Update - Victorian status of the National Cabinet Mandatory Code of Conduct for Commercial Tenancies
In early April, the National Cabinet released the Code.
Subsequently, the Victorian government passed the Omnibus (Emergency Measures) Act 2020 (Act). The Act serves to temporarily amend certain Acts and allow the making of regulations in response to the COVID-19 pandemic.
In relation to the Code, the Act defines an eligible lease as a retail lease or non-retail commercial lease or licence that is in effect on the commencement of regulations (which may be backdated to 29 March 2020). The tenant must be an SME entity (presumably having an annual turnover of up to $50 million) and be an employer that qualifies for and is participating in the Job Keeper scheme. Tenants who have an aggregate turnover above the ‘prescribed amount’ (presumed to be $50 million in line with the Code) are excluded from the regulations; as are entities with a prescribed method of control or influence over an eligible lease or licence that is a body corporate.
The Minister for Small Business, in consultation with the Minister for Jobs, Innovation and Trade, may only make recommendations that regulations be made if the Minister is of the opinion that the regulations are reasonably necessary for responding to the COVID-19 pandemic.
The Act allows the Regulations to include provisions such as:
Prohibiting termination of an eligible lease;
Changing the period under an eligible lease in which someone must or may do something;
Changing or limiting any other right of a landlord under an eligible lease;
Changing or limiting any other right a person who is a landlord under an eligible lease has under an agreement related to that eligible lease;
Modifying the operation of an eligible lease or an agreement related to that lease;
Extending the period during which an eligible lease is in effect;
Deeming a provision of the regulations as forming part of an eligible lease;
Imposing new obligations on landlords or tenants under an eligible lease, including requiring them to negotiate amendments to the lease;
Requiring landlords and tenants under an eligible lease who are in dispute about the terms of an eligible lease to participate in mediation organised by the Small Business Commission:
Requiring a mediation certificate before commencing proceedings in VCAT or a court in relation to the dispute;
Requiring the leave of a court to commence proceedings in relation to the dispute;
The conduct of mediation including fees and expenses; and
Conferring jurisdiction on VCAT to hear and determine disputes about the terms of an eligible lease (retail lease).
Regulations must not:
Require a landlord or tenant who are in dispute about the terms of an eligible lease to participate in mediation if either party has commenced proceedings in VCAT or a court in relation to that dispute; or
Have the effect of preventing a landlord or tenant who are in a dispute about the terms of an eligible lease from commencing proceedings in a court in relation to that dispute at any time.
Scope is given for the regulations to be general or limited, differing according to time, place and circumstances etc.

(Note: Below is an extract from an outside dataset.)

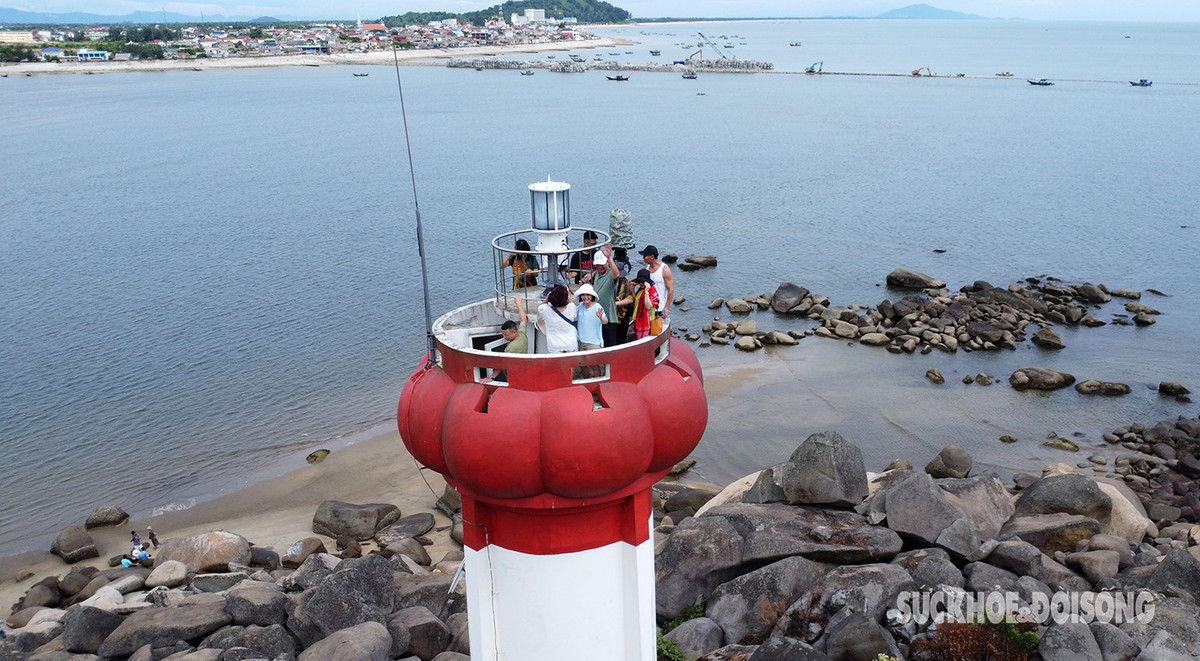 Du khách tham quan ngọn hải đăng Cửa Nhượng.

The regulations are allowed to impose penalties not exceeding 20 penalty units (currently equivalent to $3,304.40).
The Small Business Commission will serve to make arrangements to facilitate mediation between landlords and tenants, monitor compliance with regulations, commence proceedings for offences against regulations, and any other power granted to it by the regulations.
No compensation will be payable by the State for any loss, damage or injury as a result of the making of regulations.
The regulations are yet to be enacted and drafts have not been circulated. However, it seems likely they will be in line with the Code.
It should also be noted that the Act and regulations are to be repealed six months after the commencement of the Act (sunset clause) and may be disallowed by either House of Parliament.
We are keeping a close eye on further developments.